In the many interviews that appeared in the weeks leading to the release of Behind the Light, Phillip Phillips consistently used two words to describe the sound that the album would have: dark and heavy. The words were music to the ears of many, but not a surprise to anybody who had attended a Phillip Phillips show in the previous two years. Released almost exactly a year ago in April 2014, “Fly” definitely exemplified that new dark and heavy sound, but it also succeeded in capturing something more: the joy and exhilaration of Phillip Phillips’ live shows.
The song’s cover art, reminiscent of 1970’s classic rock album covers, was designed by artist Rob Carmichael, and hinted at the unique and special status that this song would have in the new album. It was abstract and mysterious, a complete departure from any other Behind the Light or Phillip Phillips image released up to that point.

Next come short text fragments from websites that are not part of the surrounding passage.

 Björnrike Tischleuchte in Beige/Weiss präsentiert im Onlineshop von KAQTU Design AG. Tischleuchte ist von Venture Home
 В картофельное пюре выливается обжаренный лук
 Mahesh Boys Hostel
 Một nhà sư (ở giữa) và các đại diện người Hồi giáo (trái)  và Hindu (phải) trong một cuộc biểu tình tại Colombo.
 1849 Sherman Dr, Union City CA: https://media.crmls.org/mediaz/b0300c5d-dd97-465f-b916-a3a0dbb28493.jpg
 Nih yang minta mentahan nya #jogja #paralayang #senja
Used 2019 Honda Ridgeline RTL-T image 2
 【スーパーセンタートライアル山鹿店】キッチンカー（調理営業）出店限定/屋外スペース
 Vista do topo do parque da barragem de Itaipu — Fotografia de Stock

“Fly,” similar to “Thicket” and even the earlier “Man on the Moon,” is built around another one of Phillip’s great guitar riffs, one that highlights again a very strong rhythm under the melody and showcases Phillip’s incredibly dexterous playing. Co-written by Phillip and Todd Clark, a second key element of “Fly” is the contribution of pedal steel guitarist Robert Randolph, of the Robert Randolph and the Family Band. An electrifying and highly spiritual player, Randolph infuses the song with an organic, unpredictable feel that more than pays off by the end of the song.
The final major element of the song are the drums, played by Jason “JT” Thomas, Phillip’s current drummer and contributor to most of the drums on Behind the Light. Mr. Thomas, a drummer whose background is in gospel and jazz, lends a deep, deliciously solid groove to the song and transforms “Fly” into much more than a straight forward rock song. His pace, slow and controlled throughout the song, only reveals what is to come through his brilliant use of the snare and the bass drum, on which he increasingly riffs and builds on as “Fly” moves along.

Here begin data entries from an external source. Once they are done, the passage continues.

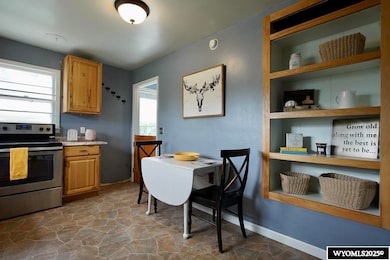 1828 S Poplar St, Casper, WY 82601 - photo 6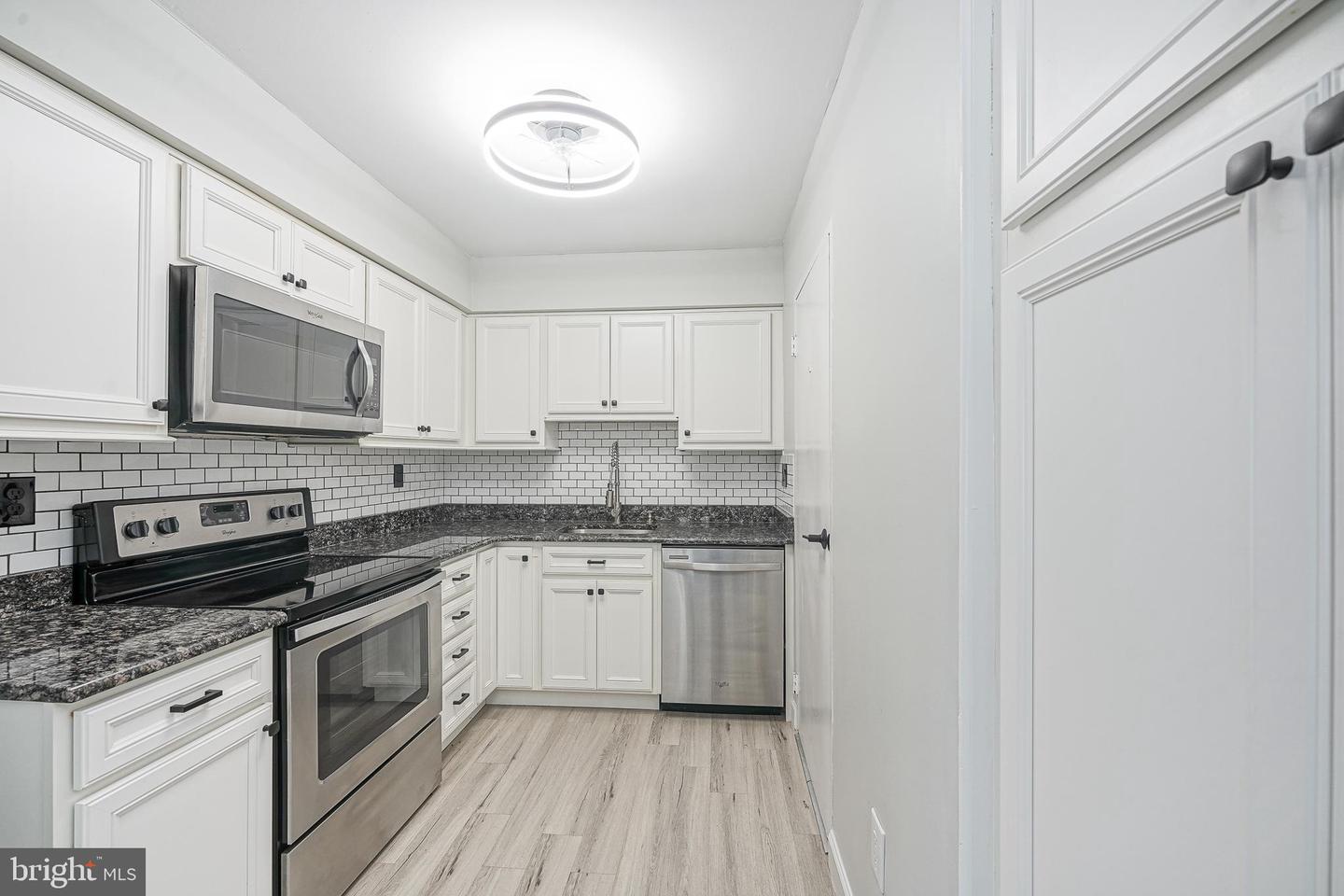 1046 Harbour Dr #1046 Property Photo 4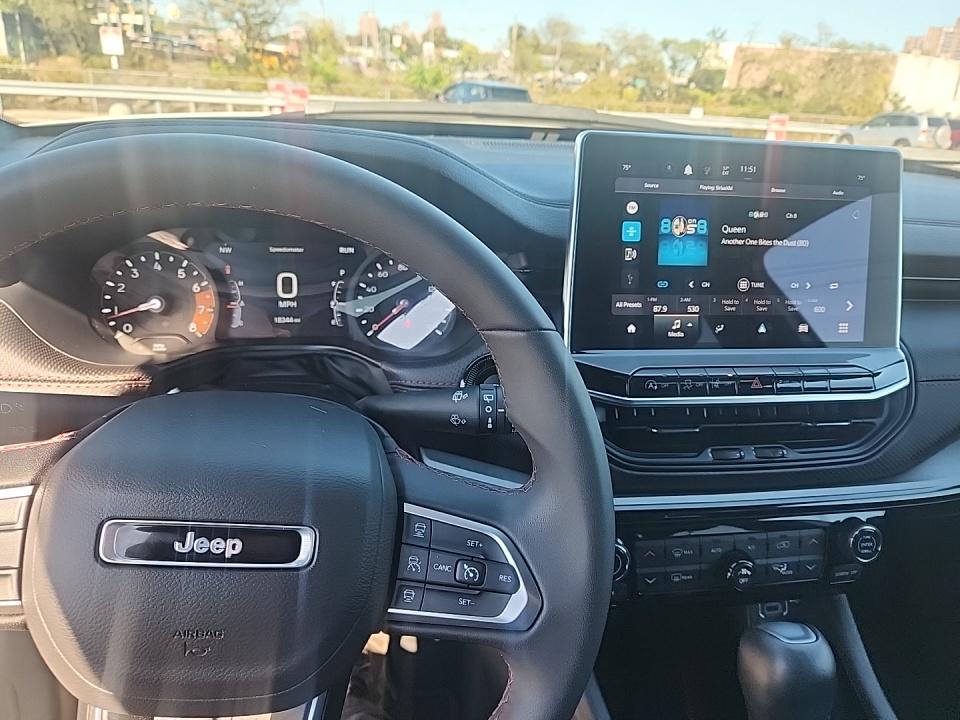 2025 Jeep Compass Trailhawk AWD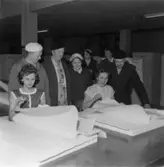 Fabriksvisning för anställdas anhöriga den 28/5 1957.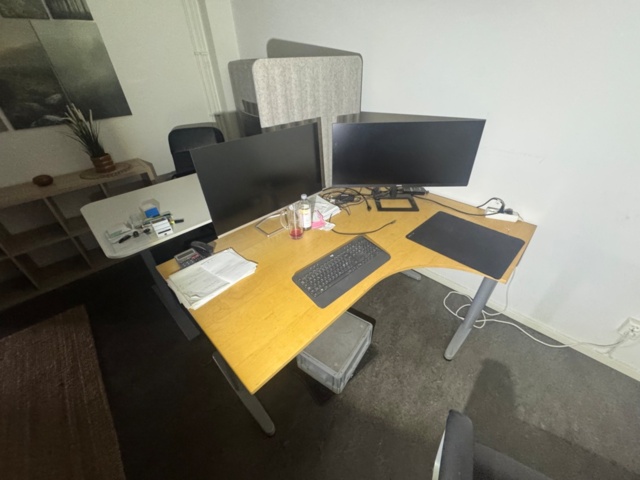 1406013-25 Office with 2 workplaces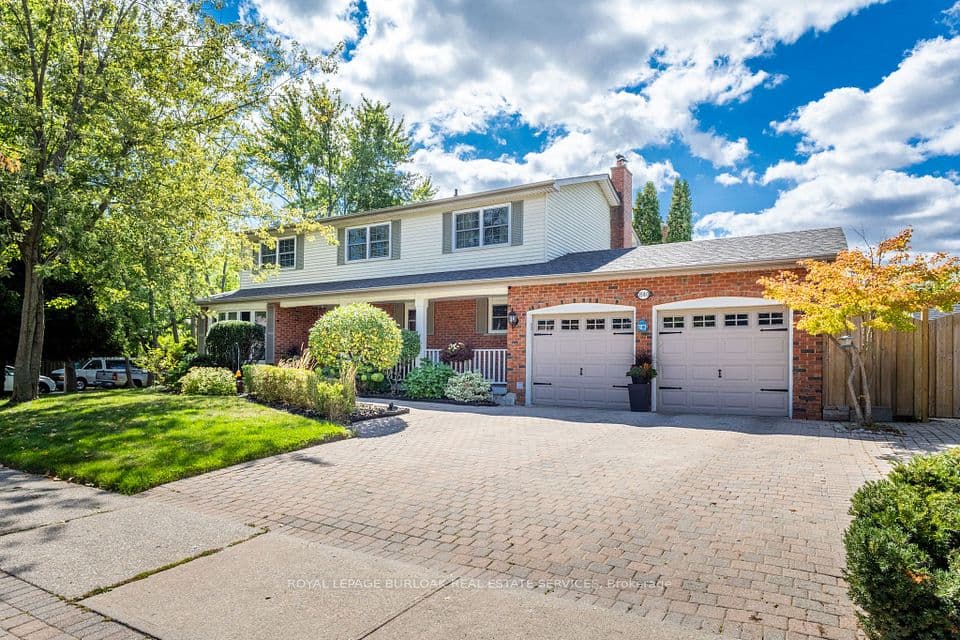 1580 Woodeden Drive, Mississauga, ON L5H 3S5 – main photo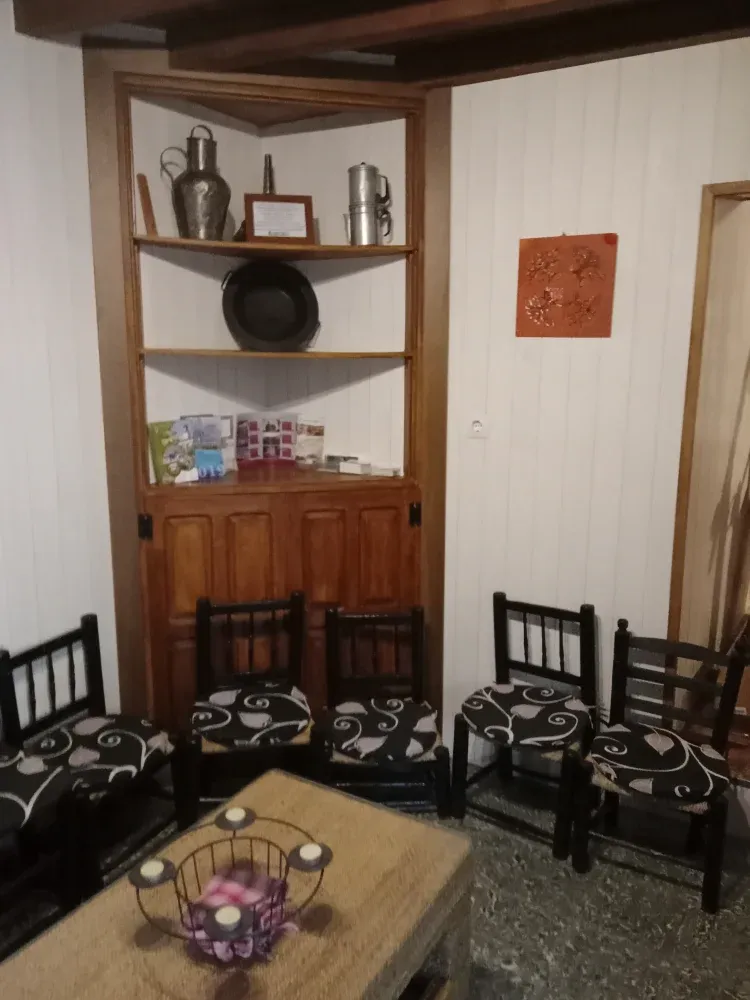 Imagen de Zona chimenea, alacena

In typical Phillip form, the lyrics are obscure, but also sparse and introspective. Still, hidden within those words is a world of meaning:
“When the day is done, the weight is on my mind
How should I give up, how should I survive
Leaning to the side of the busy street
These people never notice me
Am I the only one who thinks it’s hard to breathe”

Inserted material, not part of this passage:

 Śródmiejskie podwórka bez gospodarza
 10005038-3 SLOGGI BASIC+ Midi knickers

Very quickly we are confronted with somebody who is struggling, perhaps with his own identity, and also yearning for release. The choice of words is important, as they all seem to represent the opposite of “flying” as he speaks of “weight on my mind” and of it being “hard to breathe.” And as we continue looking through the lyrics, they all seem to circle around this feeling of being lost or trapped (Searching through a maze only to find, another wall to break, another wall to climb), and of finding it hard to express the truth, “what’s on my mind,” and more importantly, “what’s not inside.”
Controlled feelings and controlled music and drums. Barely, and not for long.This is because after a short break after the final chorus, the song dissolves into an spectacular pedal steel guitar solo by Robert Randolph, the absolute, most obvious and glorious highlight of the song. The solo, supported magnificently by the rest of the band (in particular the drums), simply takes over the last third of the song and represents the literal release to the oppressive feeling alluded to in the lyrics, the moment when Phillip–and us as listeners–literally and completely take flight.
We realize then, during that solo, that Phillip doesn’t really need to say “what’s on his mind,” that the music actually has taken over to say what the words can’t or aren’t allowed to say. And what the music says in “Fly” is as powerful as any words can be, expressing an extreme joy, and almost spiritual release–even perhaps the delirious feeling that extraordinary music-making must bring to those making the music and that it certainly brings to us as listeners. And Robert Randolph and his pedal steel guitar, an instrument referred to as “the sacred steel” in the gospel musical tradition, more than anybody personifies this concept of making music that seeks unto itself to elevate the soul.
There is no doubt in my mind that this is at least part of what Phillip’s music and live shows are also about, which is sharing the music but also celebrating it for all its possibilities and power, and what it can do to all of us. And “Fly,” most of any song on Behind the Light, does this; it speaks when words can’t, it shows rather than tells. It’s joy, freedom, exhilaration–integrity–made music. If you want proof, just listen to the song, reach your hands to the sky and fly.